47-48 Now if it ever looks as if an article of clothing has some outbreak like leprosy—whether it is made of wool, linen, or leather— 49 and if the affected area in any leather or woven material has turned a greenish or reddish color, it is a sign of a serious problem and should be taken to the priest. 50 The priest must examine the article and quarantine it for seven days. 51 When the seventh day arrives, the priest must check it again; and if the affected area has spread to other parts of the article—whether in the wool, linen, or leather, regardless of what the leather was used for—the article has a serious outbreak which makes it unclean. 52 So the priest has to burn the garment—whether it is made of wool, linen or leather—because it has some serious outbreak like leprosy and must be destroyed by fire.
53 But if the priest examines the article, and the affected area has not spread in either the woven or knitted material, or the leather, 54 the priest must direct the article be washed, and then quarantined for another seven days. 55 After it has been washed, the priest must check it again; and if the affected area looks the same, then the article is still unclean even though the outbreak has not spread. Therefore, you must burn it in the fire; it doesn’t matter whether the affected area is on the front or the back.
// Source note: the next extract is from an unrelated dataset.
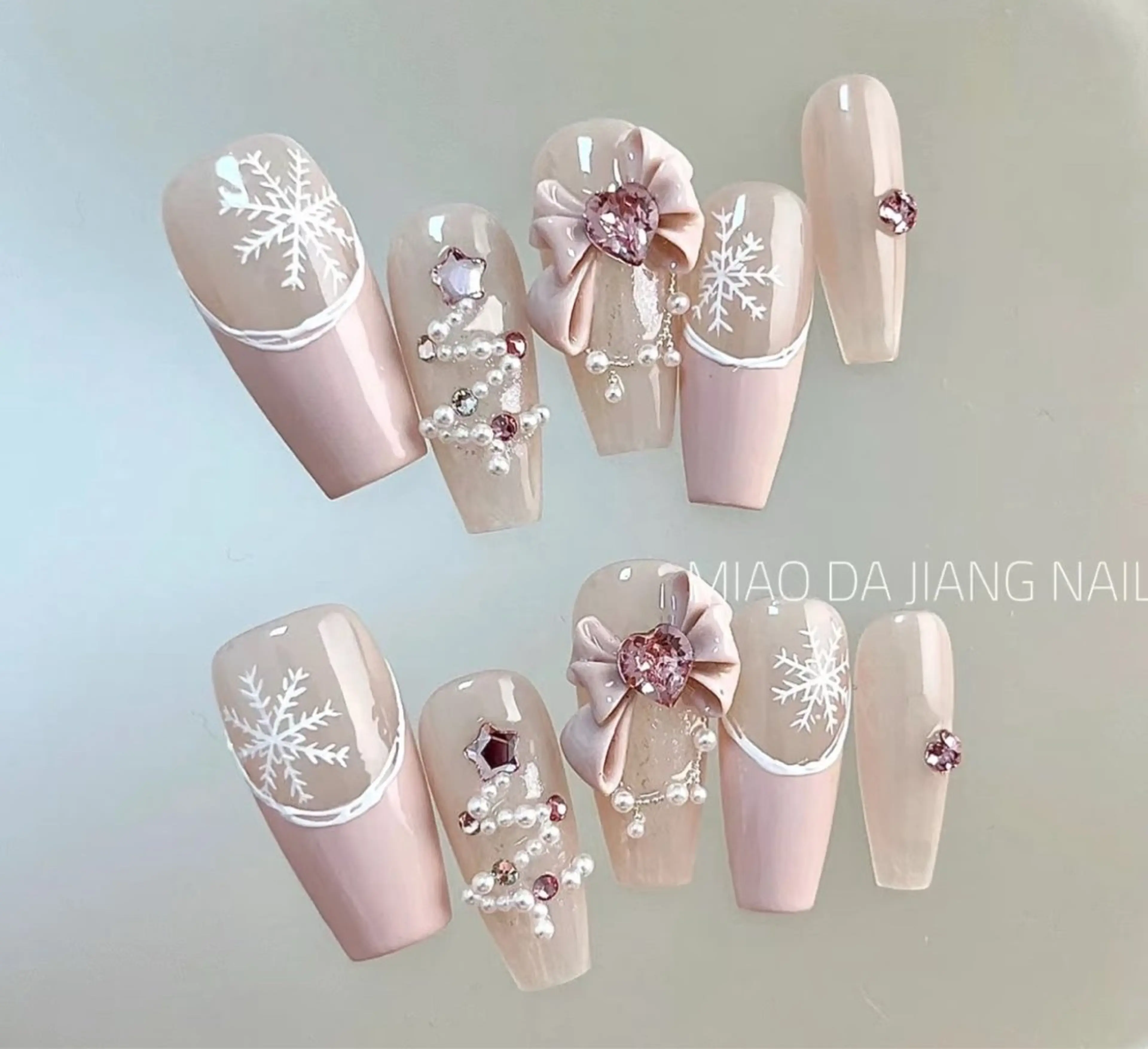 ネイル 長さだし専門店 M2　rikaのネイルデザイン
56 But if the priest examines it, and the affected area has faded after it has been washed, the priest must rip the affected material out of the garment, leather, or woven or knitted material. 57 If another spot shows up in the article again—either in the woven or knitted material, or the leather—then the outbreak is spreading, and the article must be burned in the fire. 58 But if the spot is gone once the article has been washed—whether it is woven or knitted or leather—you must wash it; then it will be considered clean.
59 So this is God’s instruction for how to deal with linen, woolen, or leather garments that have suspicious-looking spots on them. With these instructions, priests are able to determine whether they are clean or unclean.